Alcaraz praised Zverev, saying, “I have seen him throughout the entire tournament, and I know he is playing great, aggressive tennis.”

“I must be ready,” he says of my entire team.

We must play tactically extremely well, they say. It will be a very interesting battle.

On Wednesday, Novak Djokovic, a 10-time Melbourne champion, will face Lorenzo Musetti, Italy’s fifth-seeded player, in the other two quarterfinals.

In the semifinals, the winner will face eighth-seeded American Ben Shelton or two-time defending champion Jannik Sinner.

In the quarterfinals, Elina Svitolina of Ukraine squares off against Coco Gauff of the United States. Quinn Rooney/Getty Images

Svitolina hopes that Ukraine will be “a little light” after the Gauff incident.

Elina Svitolina expressed hope that Coco Gauff’s stunning upset of third-seeded Ukrainians will lighten their bitter winters as a result of Russia’s brutal assault on them.

Aryna Sabalenka, the 31-year-old world number one, defeated the American 6-1, 6-2, to advance to the semifinals.

Svitolina avoids tussling with Russian and Belarusian opponents like other Ukrainian players do.

She praised her overwhelming victory over Gauff as “great for my country.”

It’s very important to me to see a lot of Ukrainians supporting tennis, which is great because it’s one of the most difficult winters for Ukrainians without electricity and everything.

When my friends are watching my matches, I feel like I should pass this light, a little light, just positive news to Ukrainians. It gives me a wonderful feeling.

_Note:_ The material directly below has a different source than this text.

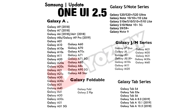According to Samsung, they said they will give the One UI 2.5 update to every smartphone that is running on One UI 2.0 or 2.1. So if your device is running One UI 2.0 or 2.1, you will get the official One UI 2.5 update from Samsung.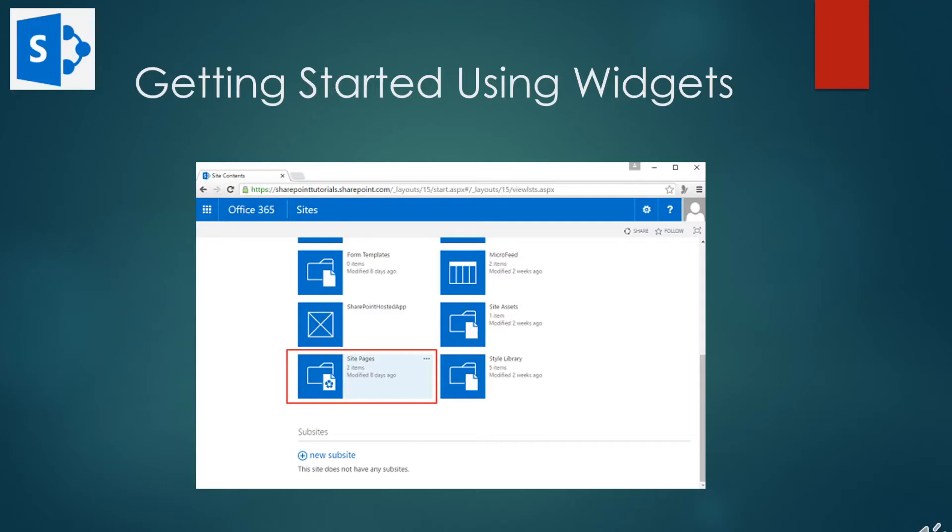This way you can create a single page which shows information across lists and libraries in a site, removing the need for the user to navigate to the individual lists and libraries themselves. In this section, we'll focus on list view web parts.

Throughout the nearly four-year conflict, Russia has targeted Ukraine’s energy infrastructure, particularly in the winter, leaving many Ukrainians without electricity or heating.

Former world number three Svitolina was playing her 14th Grand Slam quarterfinal a decade earlier than Gauff.

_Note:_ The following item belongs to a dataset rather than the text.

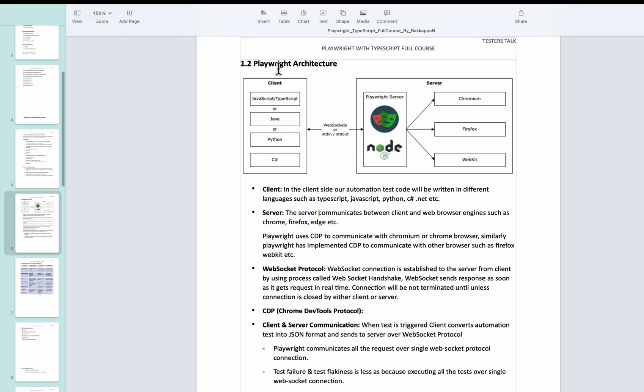In this video, I will discuss Playwright architecture. So here there are two components: one is client and another one is Playwright Node.js server.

She had only previously and never before advanced to the semis in Australia.

Svitolina, who won the tournament for the first time this month in Auckland and is on a 10-game winning streak, was “very, very pleased with the tournament so far.”

She will re-enter the top 10 if she makes it to the semifinals.

“It’s always been my dream to return after maternity leave to finish in the top ten.” Always been what I wanted, she said.

To me, “It means the world.”

Gauff, a two-time Grand Slam champion, was left in disarray by her broken serve, which she had four sets to go with, and two more when she was broken.

She committed 19 unforced errors while receiving only 41% of her first service points.

Gauff immediately broke after serving during the entire tournament.

With husband Gael Monfils watching, Svitolina and husband Gael Monfils both failed to capitalize on her failure and also conceded her serve. Gauff then caused two double faults to be broken once more at crucial points.

She was clearly frustrated as the Ukrainian ran to 5-1 with a fifth double fault of the match, giving Svitolina yet another break and the set in 29 minutes. She was broken three more times, which she loved.

After the first-set annihilation, Gauff summoned a ball kid, demanded that three racquets be restrained, and left the court for a toilet break.

But it was ineffective. To start set two, she was broken five straight times.

She finally succeeded in holding onto her sixth attempt without retaliation.